There is also a prompt design angle here worth noting. If you are heavy-handed with negative constraints in prompts, specifically telling the model what not to do, your extractions tend to be less polluted with filler phrasing that makes summaries feel complete even when they're shallow. Instructing the model to "avoid motivational language and avoid restating the same point twice" produces noticeably cleaner extraction output.

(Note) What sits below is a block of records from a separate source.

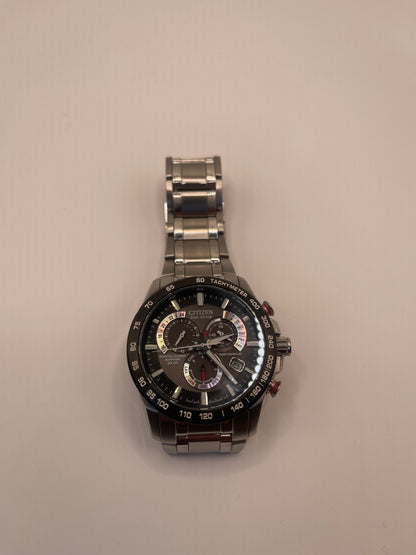 Citizen Eco-Drive Perpetual Chrono Men's Watch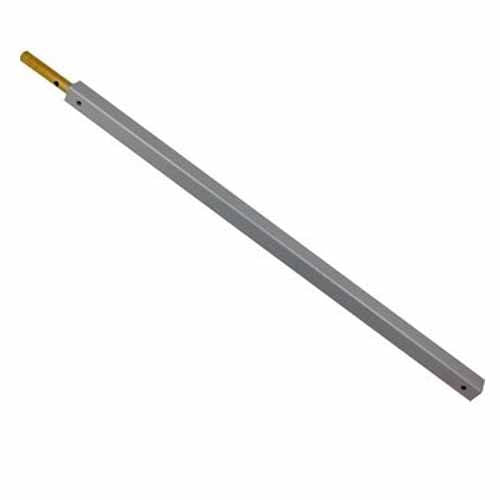 Von Duprin 05181026D 36" Extension Rod Kit for 9827 / 9857; 626 Satin Chrome Finish Sparrow Supply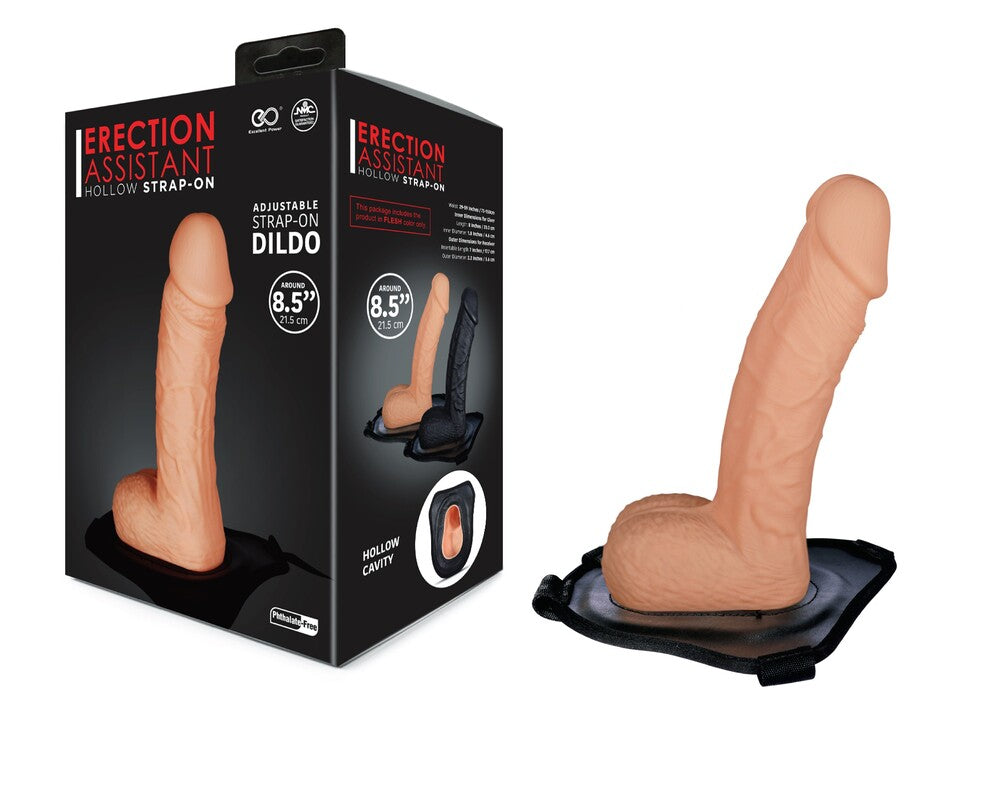 Strap On Erection Glorious 21,5 cm - immagine 6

One practical floor to set: if you can't generate a forcing-function output on a topic, don't move on to the next module. The compression is only useful if the knowledge is actually transferable.

FAQ

Can I use this method with paywalled courses that don't provide transcripts? Most video platforms, including Coursera, Udemy, and LinkedIn Learning, display auto-generated captions that you can copy directly from the browser. The quality varies, but it's usually enough for extraction. Alternatively, screen-record the video locally and run it through Whisper.

Which AI model handles long educational texts best? As of mid-2026, Claude handles very long documents with fewer hallucinations on cited content than most alternatives, based on practitioner comparisons published in the Hugging Face forums and several independent benchmark threads on LessWrong through early 2026. For shorter extractions under 10,000 words, the gap between models is smaller and other factors like your prompt quality matter more. ChatGPT alternatives covers the current tradeoffs in more detail.

Does this work for technical material like programming courses or finance certifications? Yes, but you need to add a domain signal to the prompt. Telling the model you are a working developer, a CFA candidate, or a marketing analyst changes the level of assumed knowledge in the output. Without that signal, technical extractions tend to over-explain basics and under-explain the things that are actually hard in practice.

Closing

The generation step is the one you can't delegate to the model. Everything before it, extraction, structuring, question generation, runs almost automatically once you have a working prompt. The part that creates retention requires you to produce something, and that friction is the point.